Freeport Seals Pact With Indonesia on Giant Grasberg Mine
(Bloomberg) -- Freeport-McMoRan Inc. and Indonesia signed a binding landmark agreement for the U.S. miner to hand over majority control of the giant Grasberg copper and gold mine to a local state-owned firm, in the country’s biggest ever divestment by a foreign resources company.
Freeport Chief Executive Officer Richard Adkerson and PT Indonesia Asahan Aluminium President Director Budi Gunadi Sadikin signed a divestment deal and two other pacts in Jakarta on Thursday. The transfer of majority shares to Asahan Aluminium will happen once the company makes a payment of $3.85 billion to Rio Tinto Group and Freeport, Sadikin said.

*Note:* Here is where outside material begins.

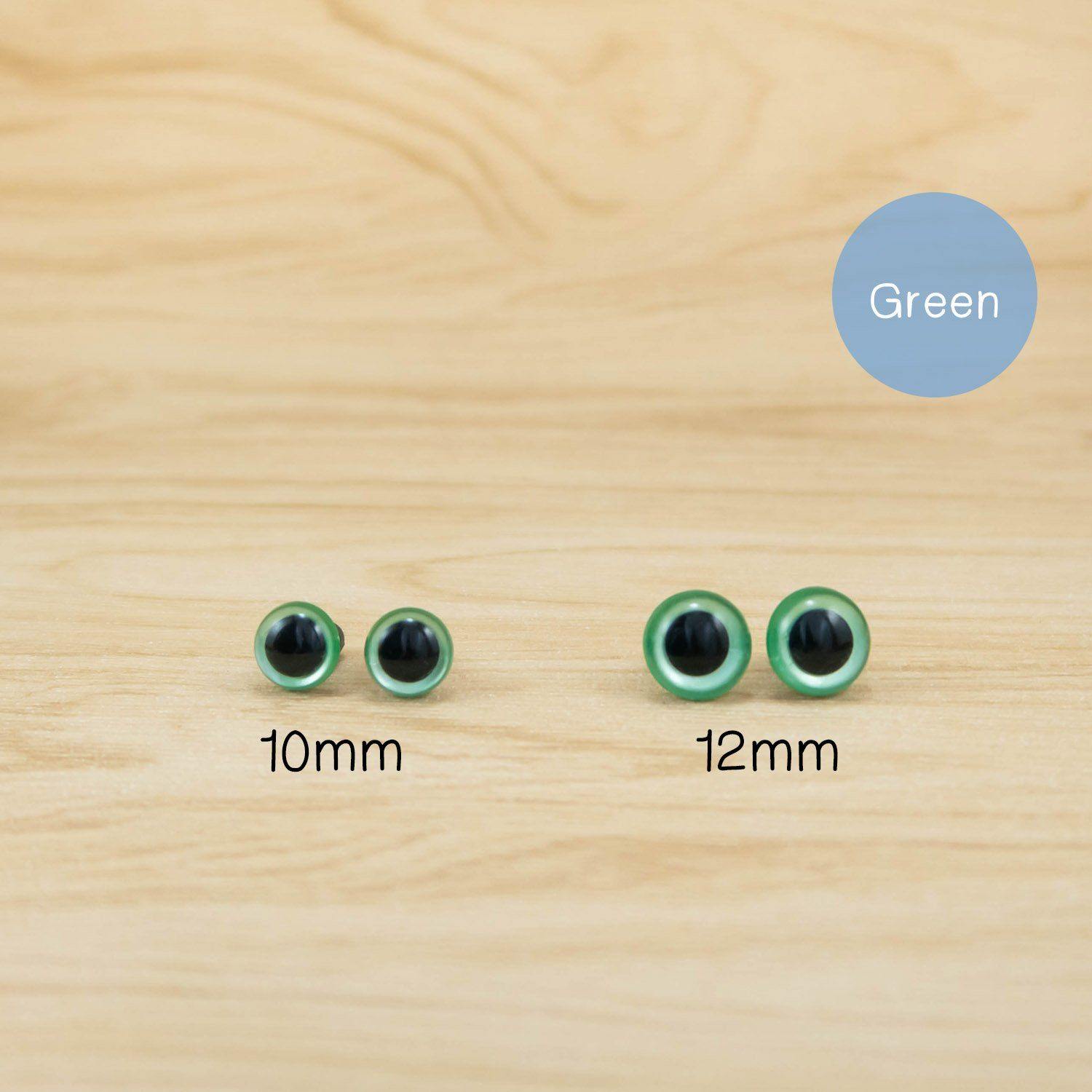 Hand painted pearl green safety craft eyes for handmade doll and cats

The U.S. producer will continue to operate the mine under the agreement, which culminates more than a year of talks. The accord will allow Indonesia to issue a special mining license for Freeport to run the world’s second-largest copper mine through 2041. Freeport and Asahan Aluminium, known as Inalum, will complete the transaction before the year-end, Sadikin said.
The extension of the mining license, known as an IUPK, is the “government’s commitment to maintaining the investment climate so as to provide certainty and security to foreign investors to invest in Indonesia,” Energy and Mineral Resources Minister Ignasius Jonan said in a statement.

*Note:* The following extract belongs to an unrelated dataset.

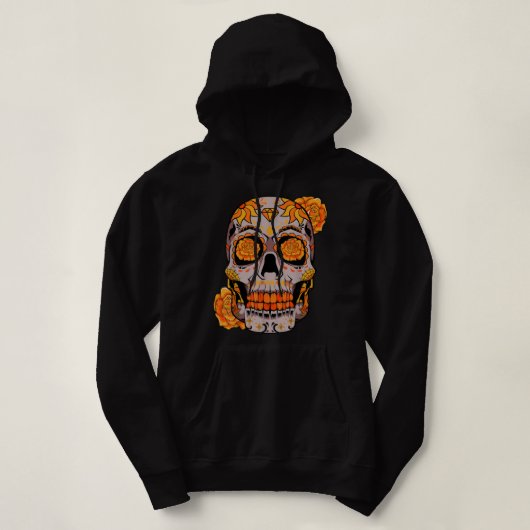 Pull À Capuche Lunettes de soleil crâne sucre Feu d'artifice drap (Design devant)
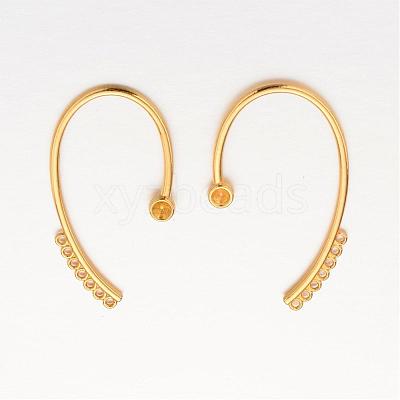 Alloy Cuff Earring Rhinestone Settings KK-M173-02G-1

Under the deal, Rio Tinto Group will cash out its economic interest in Grasberg for $3.5 billion, leaving Freeport’s share of the payment at $350 million. Inalum’s stake in the asset rises to 51 percent from just over 9 percent now.
Freeport’s Adkerson described the agreements as “definitive” and “really significant and positive steps.” Rio’s economic interest will be converted into shares and transferred to Inalum under the deal, he said.

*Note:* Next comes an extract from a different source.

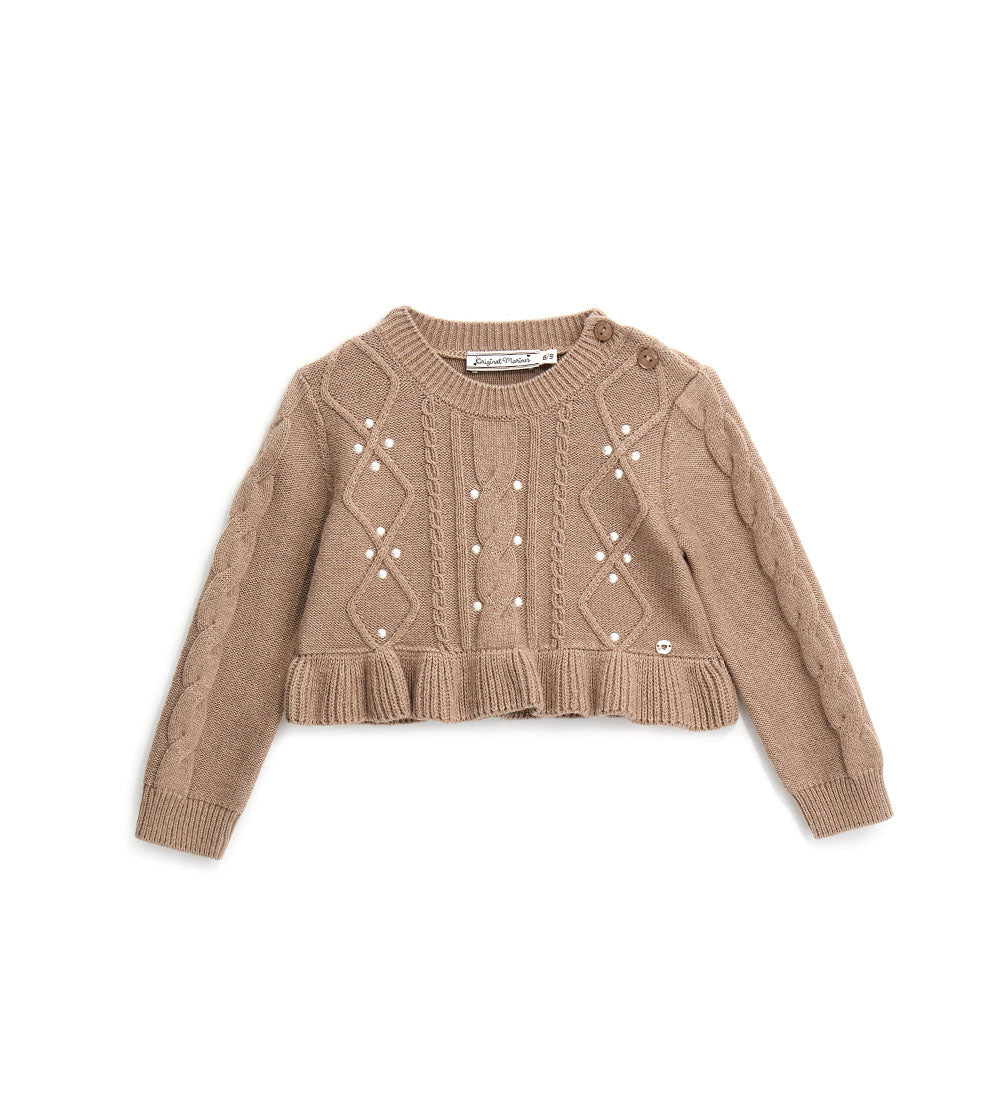 Nuance D'Hiver Baby Girl Pearled Pullover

Adkerson doesn’t see any further hurdles in completing the transaction though getting approvals of anti-trust agencies across the world may be time-consuming, he told reporters after the signing. Freeport will continue to operate the mine and the company has agreed to build a copper smelter in exchange for the license extension and fiscal and legal stability, he said.
Freeport and Inalum still need to finalize several documents and permits before the payment is made and share transfer executed, Sadikin said. Inalum expects to mobilize the funds for the acquisition by November at the latest and the company is weighing a global bond issue to help finance the deal, he said.
Freeport’s local unit is drafting a roadmap to manage all environment-related issues, Minister for Environment and Forest Siti Nurbaya said in the statement. Freeport was blindsided by new regulations around tailings waste this year, prompting Adkerson to seek a resolution before signing the stake transfer.
The “agreement is only one of numerous documents that have to be drafted, negotiated, settled and signed,” said Bill Sullivan, a lawyer specializing in mining at Christian Teo & Partners in Jakarta. Progress toward completing the sale “is a good thing for Indonesia and for foreign investors given how long the dispute between Freeport and the government has been ongoing.”